_Available records_.
_ _ _ _

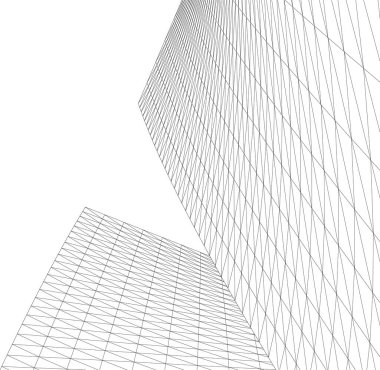 Mimari sanat konseptinde soyut çizgiler, minimum geometrik şekiller. 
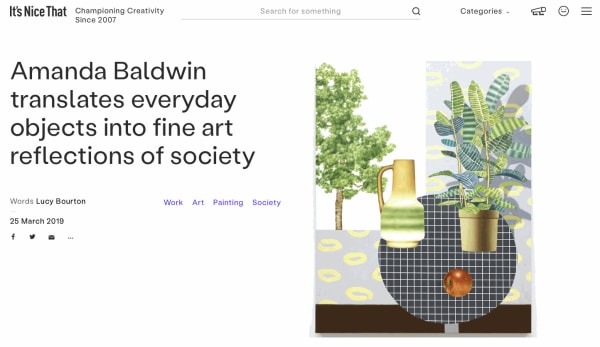 Amanda Baldwin translates everyday objects into fine art reflections of society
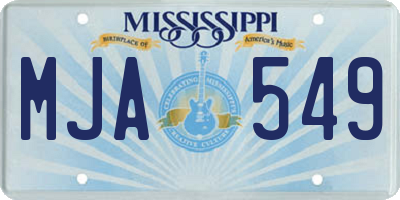 MS license plate MJA549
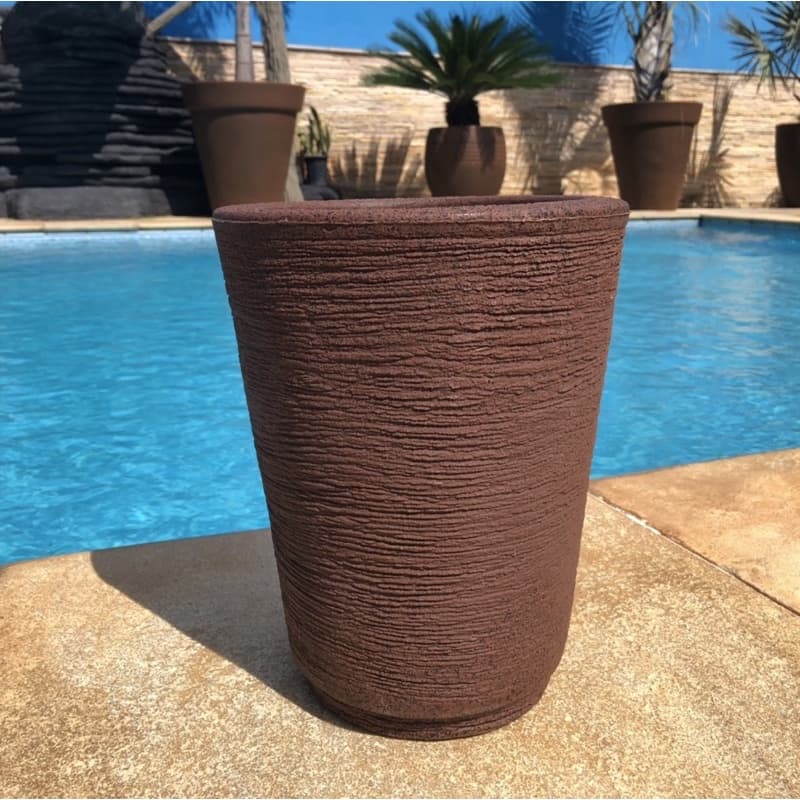 Vaso Coluna Redonda Cone em Polietileno para Plantas PP (28x23)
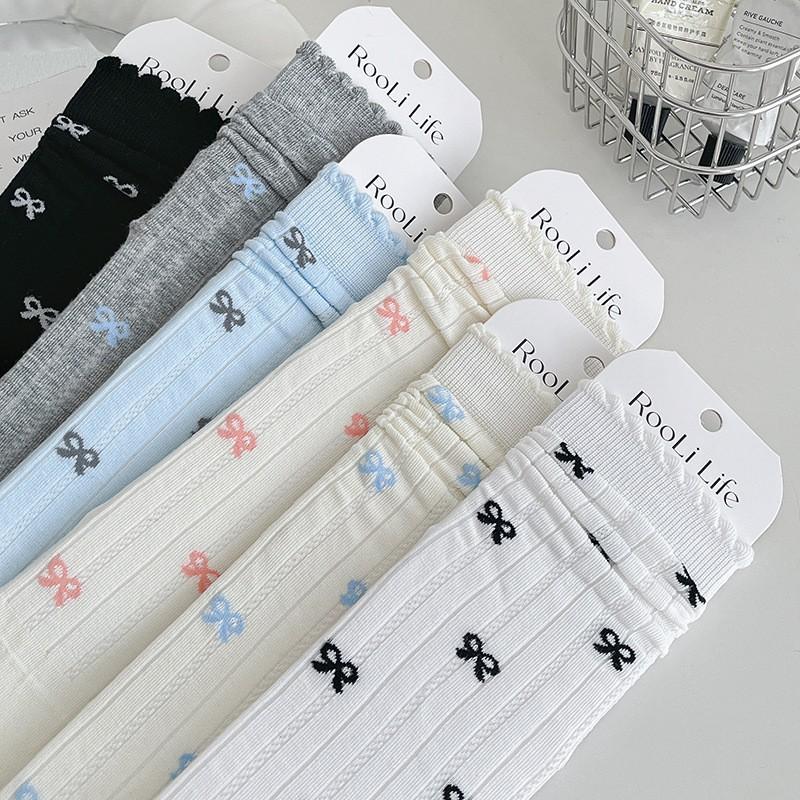White Socks Pure Cotton Stacking Socks Lace Bow Cute Girl Spring And Autumn Thin Cotton Medium Tube Socks Women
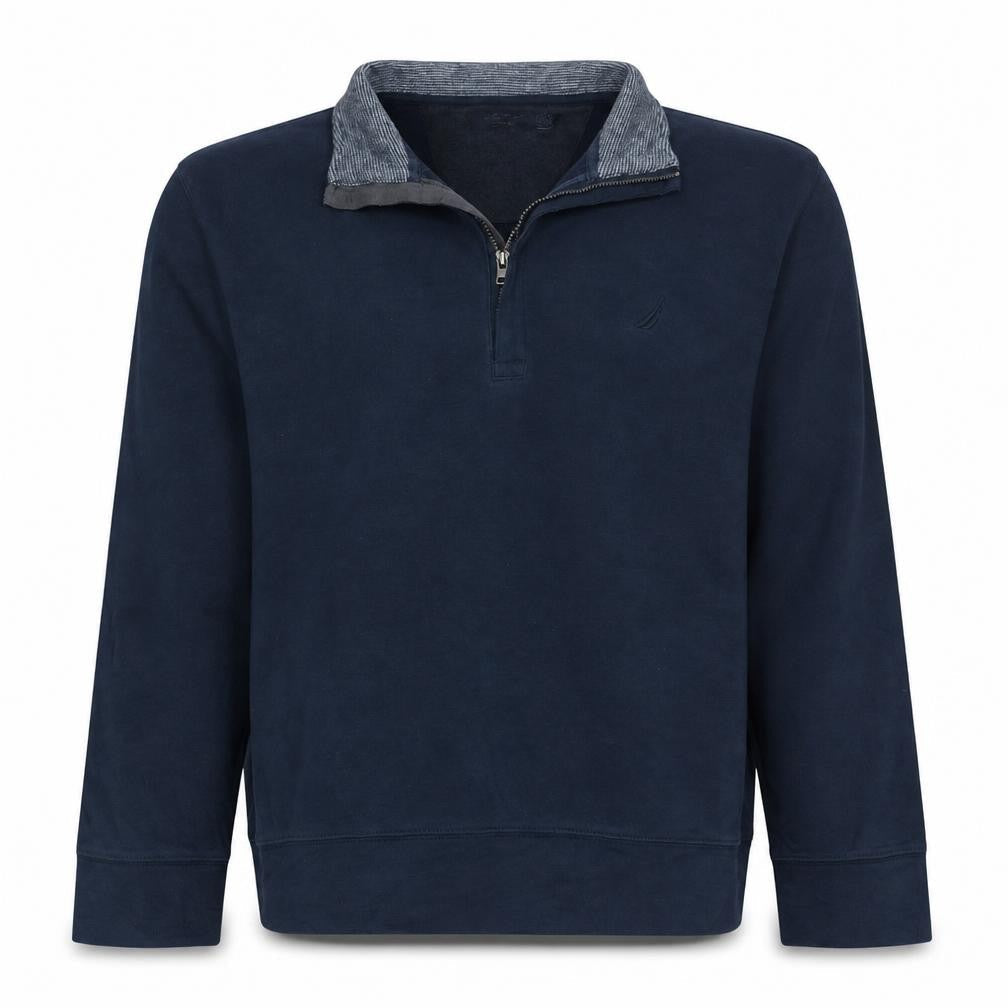 Nautica Men’s Blue 1/4 Zip Collared Henley Sweatshirt Size L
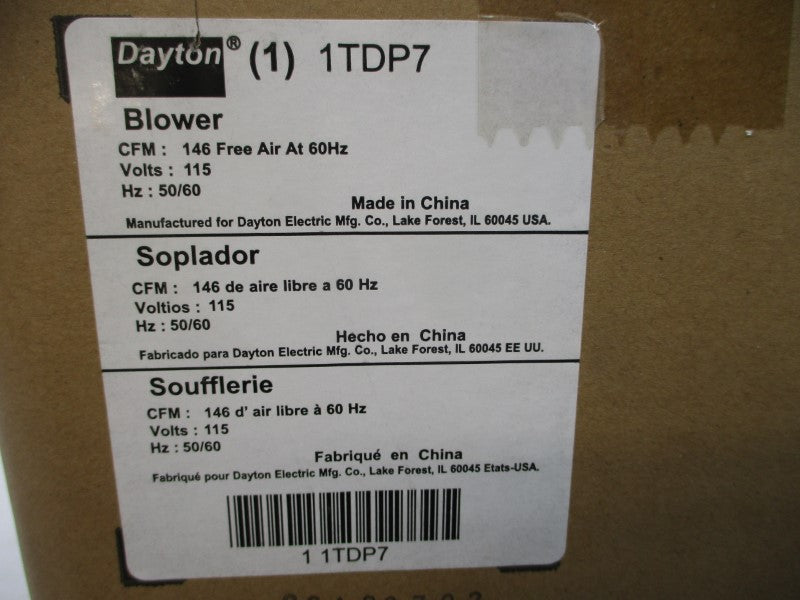 DAYTON 1TDP7 115V 0.68/0.75A NSMP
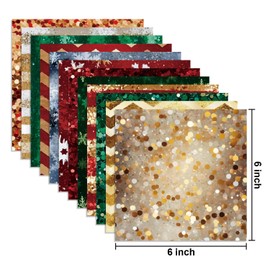 24 Sheets Christmas Pattern Paper, 6" x 6" Christmas Scrapbooking Supplies Paper Decorative Craft Paper Snowflake Stripe for DIY Card Making Photo Album Junk Journal Décor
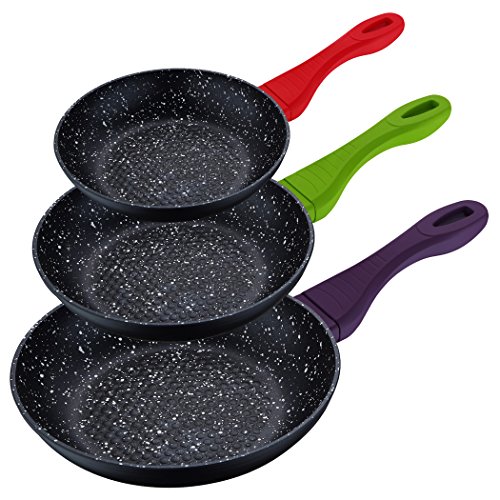San Ignacio Jolie - Set de 3 Sartenes 3 Herméticos + Set Utensilios de Cocina , Aluminio Forjado, Inducción 22/24/28 cm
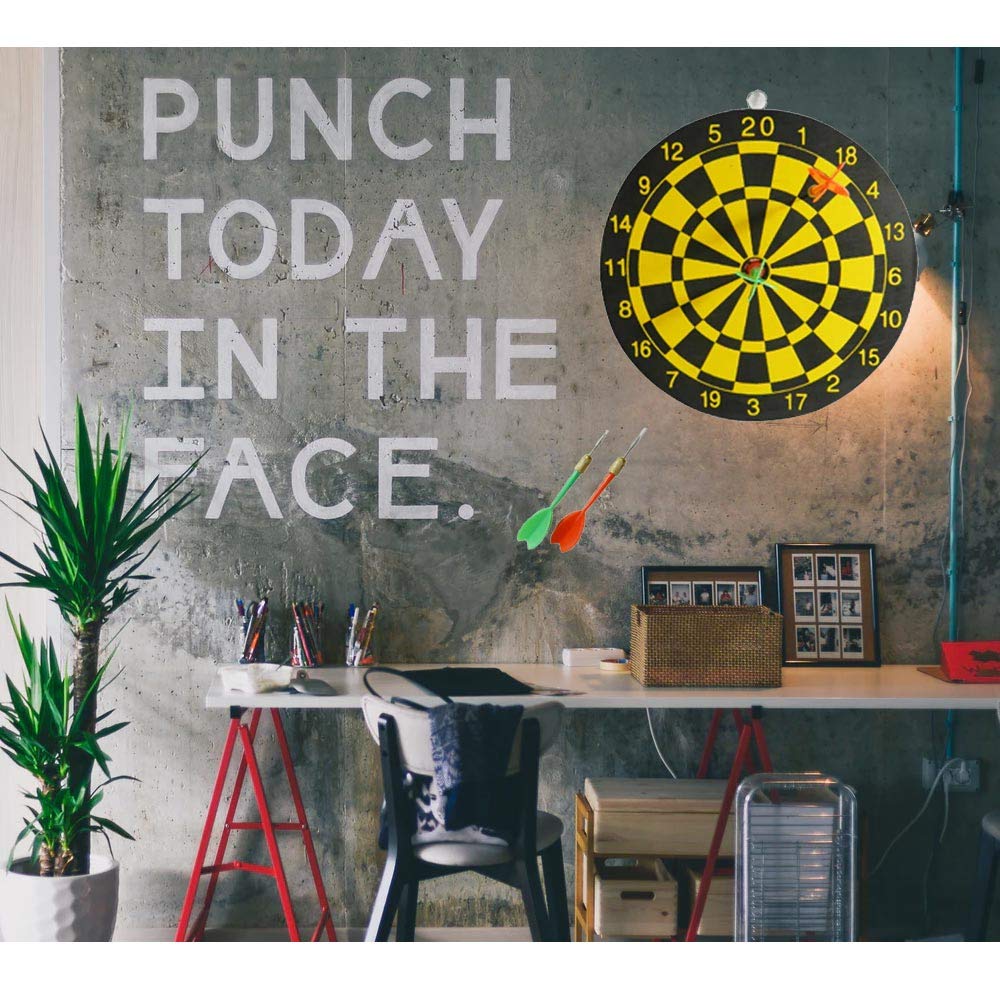 Dart Board Set 3pc Target Play Game Room Bar Man Cave Wall Hanging Dual Side 9.5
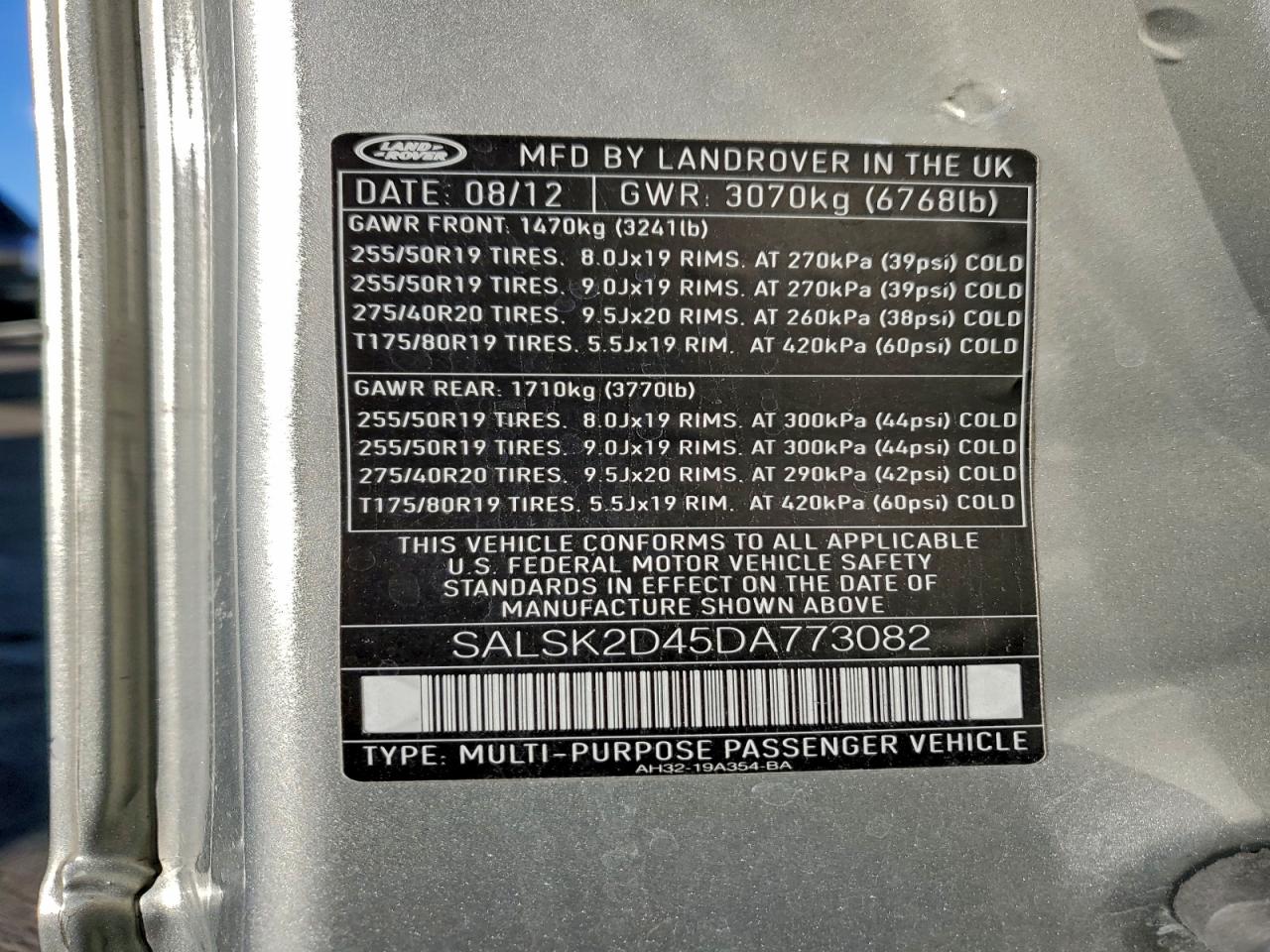 2013 Land Rover Range Rover Sport Hse Luxury VIN: SALSK2D45DA773082 Lot: 97580595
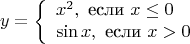 $$
y=\left\{ \begin{array}{l}
x^2, \text{  если  } x\leq 0\\
\sin x, \text{  если  } x>0
\end{array} \right.
$$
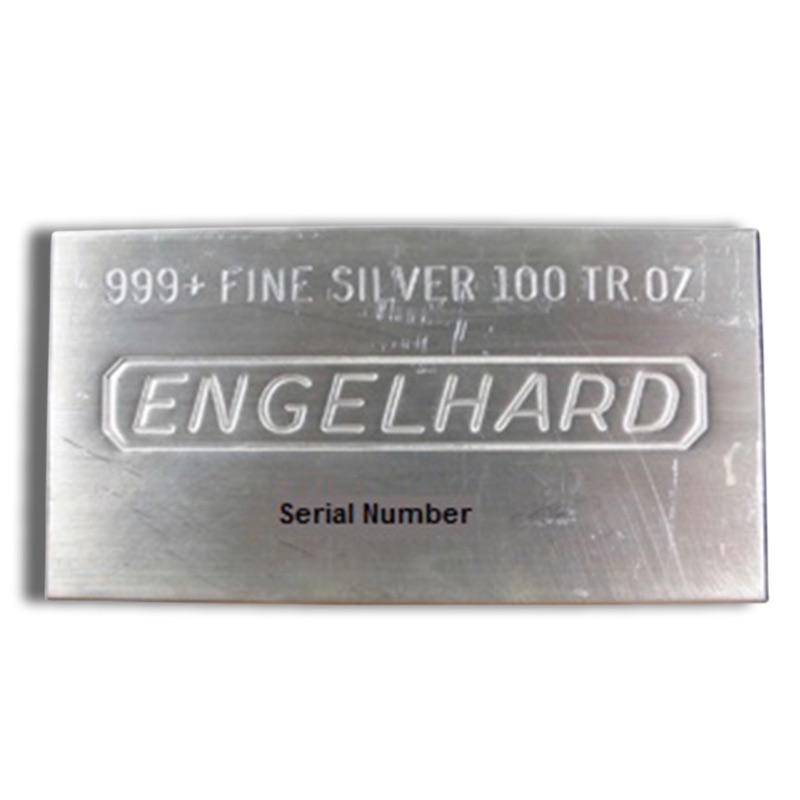 100 oz Silver Bar – Engelhard (Poured/Extruded)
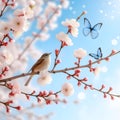 bird on a blooming apple tree branch, bright colors of nature, delicate apple tree flowers, spring Awakening, Royalty Free Stock Photo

_ _ _ _

_Exercise_.
Give again, word for word, only the lines from the one with "Dart Board Set" through the last line of the entries, both included; no pictures go in the copy.

_Solved problem_.
 Dart Board Set 3pc Target Play Game Room Bar Man Cave Wall Hanging Dual Side 9.5
 2013 Land Rover Range Rover Sport Hse Luxury VIN: SALSK2D45DA773082 Lot: 97580595
 $$
y=\left\{ \begin{array}{l}
x^2, \text{  если  } x\leq 0\\
\sin x, \text{  если  } x>0
\end{array} \right.
$$
 100 oz Silver Bar – Engelhard (Poured/Extruded)
 bird on a blooming apple tree branch, bright colors of nature, delicate apple tree flowers, spring Awakening, Royalty Free Stock Photo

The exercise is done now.